5. What motivates you to write?
Often pain actually, a certain feeling of void that I have a need to look at and see what is behind it, and also transitions. It can be more obvious such as when I travel or can be more significant like with life transitions such as immigration, marriage, bearing children, loos of a loved one and such. On the other hand, also being absent minded and letting something language related capture my attention can drive me to further explore it through my writing.
6. How do the writers you read when you were young influence you today?
First of all, by making me know that literature matters and can be a significant experience, that excellent writing can let you feel less along existentially. Then more specifically, there are ways of my thinking that were definitely shaped thanks to some of the writers I read or that influenced my writing. For instance, Hayim Nahman Bialik, who is considered to be Israel’s national poet from the 1930s, a poet that for many Hebrew speakers is just a basic school curriculum, inspired some of my poems and an excerpt from his poem is also the motto of my last book in Hebrew ‘Landing Lights’.
7. Who of today’s writers do you admire the most and why?
I don’t tend to ‘admire’ generally. There is something too glorifying in this term, like with ‘inspiration’, that I don’t really connect to. Furthermore, I also think that someone’s excellency, in writing as well as in any other field, is not a reason for admiration. If anything, it is humanistic qualities that I would admire more than the writing capabilities of one individual or the other. I’m pointing it out also because I believe that as writers we should be more aware of the language and words we are using, what they mean to us and point discrepancies we find in their use, help others to be more aware of their use of language.
Having said that, I can point that the Israeli poet I have been translating into English, Nurit Zarchi, is one of today’s writers I particularly cherish.
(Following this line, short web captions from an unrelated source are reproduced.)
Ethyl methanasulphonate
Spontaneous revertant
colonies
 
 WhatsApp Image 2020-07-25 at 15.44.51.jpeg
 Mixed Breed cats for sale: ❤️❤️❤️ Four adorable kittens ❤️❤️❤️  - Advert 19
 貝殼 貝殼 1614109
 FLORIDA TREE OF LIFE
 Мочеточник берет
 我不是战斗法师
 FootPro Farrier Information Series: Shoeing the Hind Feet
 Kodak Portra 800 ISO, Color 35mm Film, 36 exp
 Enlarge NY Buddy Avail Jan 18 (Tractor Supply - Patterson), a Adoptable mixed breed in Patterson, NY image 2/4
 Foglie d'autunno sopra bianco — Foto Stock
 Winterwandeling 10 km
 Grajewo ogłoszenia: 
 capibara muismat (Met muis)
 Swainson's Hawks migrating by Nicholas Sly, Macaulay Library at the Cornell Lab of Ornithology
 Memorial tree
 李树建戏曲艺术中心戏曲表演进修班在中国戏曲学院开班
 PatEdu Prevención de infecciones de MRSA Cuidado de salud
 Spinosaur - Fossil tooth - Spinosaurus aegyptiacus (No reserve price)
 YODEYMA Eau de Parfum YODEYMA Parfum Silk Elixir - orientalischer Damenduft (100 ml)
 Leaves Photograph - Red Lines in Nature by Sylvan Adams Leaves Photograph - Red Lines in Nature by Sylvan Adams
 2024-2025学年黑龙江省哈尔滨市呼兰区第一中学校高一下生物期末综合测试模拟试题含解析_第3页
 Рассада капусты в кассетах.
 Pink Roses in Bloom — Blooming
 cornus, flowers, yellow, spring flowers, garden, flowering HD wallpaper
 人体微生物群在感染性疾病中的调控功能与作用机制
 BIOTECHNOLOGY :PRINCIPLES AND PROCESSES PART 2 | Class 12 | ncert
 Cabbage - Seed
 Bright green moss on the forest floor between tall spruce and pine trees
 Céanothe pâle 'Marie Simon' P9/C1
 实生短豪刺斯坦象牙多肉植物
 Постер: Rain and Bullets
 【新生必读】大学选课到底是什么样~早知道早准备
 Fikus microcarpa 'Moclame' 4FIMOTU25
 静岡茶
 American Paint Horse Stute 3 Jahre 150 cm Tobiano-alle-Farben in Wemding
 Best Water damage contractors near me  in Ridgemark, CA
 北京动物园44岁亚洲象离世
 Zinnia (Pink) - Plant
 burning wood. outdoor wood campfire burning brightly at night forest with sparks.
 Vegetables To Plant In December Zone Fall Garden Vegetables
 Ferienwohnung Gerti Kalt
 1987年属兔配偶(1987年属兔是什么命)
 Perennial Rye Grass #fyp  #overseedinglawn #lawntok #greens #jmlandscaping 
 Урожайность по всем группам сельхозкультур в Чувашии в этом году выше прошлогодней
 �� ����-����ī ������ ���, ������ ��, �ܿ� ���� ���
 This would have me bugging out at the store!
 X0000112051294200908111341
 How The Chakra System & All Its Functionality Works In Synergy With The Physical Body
She writes intricate yet beautiful poems, each is like a snowflake in which there is an imaginary world, fairy tale like, that resonates profound truth. I’ve been also awe by the work of the American poet Li-Young Lee that very delicately uses language, as well as the silence it holds, to investigate the world by coming out from his own personal experiences in a coded and delicate way. He has a way of almost transparently layer meanings in his poems that seem deceivingly simply structured and without giving up being compelling.
9. Why do you write?
Because I have to, first of all. Secondly, by now its part of my identity and helps me feel relief by the ability it carries to look at things, even the most challenging, in different, resourceful ways.
10. What would you say to someone who asked you “How do you become a writer?”
You don’t become a writer, it choses you. And writing posts on Facebook doesn’t turn you into one either.
11. Tell me about the writing projects you have on at the moment.
My first full length book in English, ‘Promised Lands’ is forthcoming, you can already order it here: https://www.finishinglinepress.com/product/promised-lands-by-gili-haimovich/. I have also a book translated into French coming up, I do some poetry translations as well which I really like doing and I find very important, to increase the variety of poetry that is accessible to English and Hebrew readership. I teach creative writing for individuals and group, sometimes also online which I love. The work with individuals is very unique since it can be in depth and be tailored to the participants’ needs. However, I do look forward for this social distancing to be over and get back to teaching my creative writing workshops face to face.